Language Is Not All You Need: Aligning Perception with Language Models
Huang, Shaohan, Dong, Li, Wang, Wenhui, Hao, Yaru, Singhal, Saksham, Ma, Shuming, Lv, Tengchao, Cui, Lei, Mohammed, Owais Khan, Patra, Barun, Liu, Qiang, Aggarwal, Kriti, Chi, Zewen, Bjorck, Johan, Chaudhary, Vishrav, Som, Subhojit, Song, Xia, Wei, Furu
A big convergence of language, multimodal perception, action, and world modeling is a key step toward artificial general intelligence. In this work, we introduce Kosmos-1, a Multimodal Large Language Model (MLLM) that can perceive general modalities, learn in context (i.e., few-shot), and follow instructions (i.e., zero-shot). Specifically, we train Kosmos-1 from scratch on web-scale multimodal corpora, including arbitrarily interleaved text and images, image-caption pairs, and text data.
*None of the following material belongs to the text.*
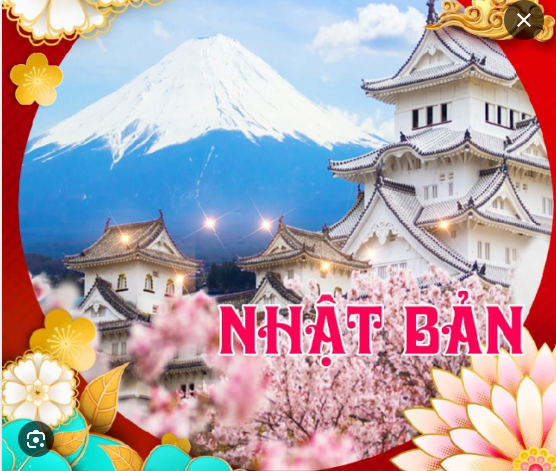 THÔNG BÁO TUYỂN THỰC TẬP SINH TẠI NHẬT BẢN NGÀNH CHẾ BIẾN THỰC PHẨM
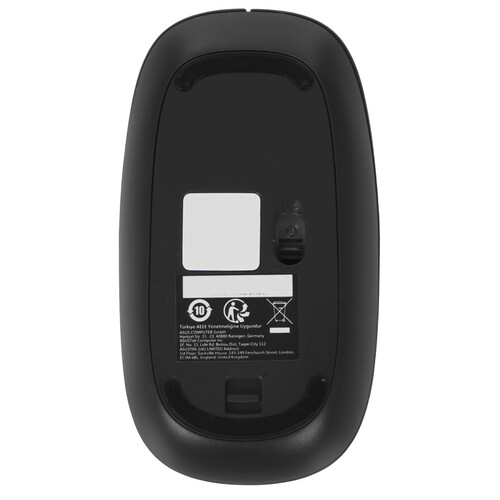 Купить 23.8" Моноблок ASUS E5402WVAR-BPC0090  9143954. Характеристики, отзывы и цены в Донецке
We evaluate various settings, including zero-shot, few-shot, and multimodal chain-of-thought prompting, on a wide range of tasks without any gradient updates or finetuning. Experimental results show that Kosmos-1 achieves impressive performance on (i) language understanding, generation, and even OCR-free NLP (directly fed with document images), (ii) perception-language tasks, including multimodal dialogue, image captioning, visual question answering, and (iii) vision tasks, such as image recognition with descriptions (specifying classification via text instructions). We also show that MLLMs can benefit from cross-modal transfer, i.e., transfer knowledge from language to multimodal, and from multimodal to language. In addition, we introduce a dataset of Raven IQ test, which diagnoses the nonverbal reasoning capability of MLLMs.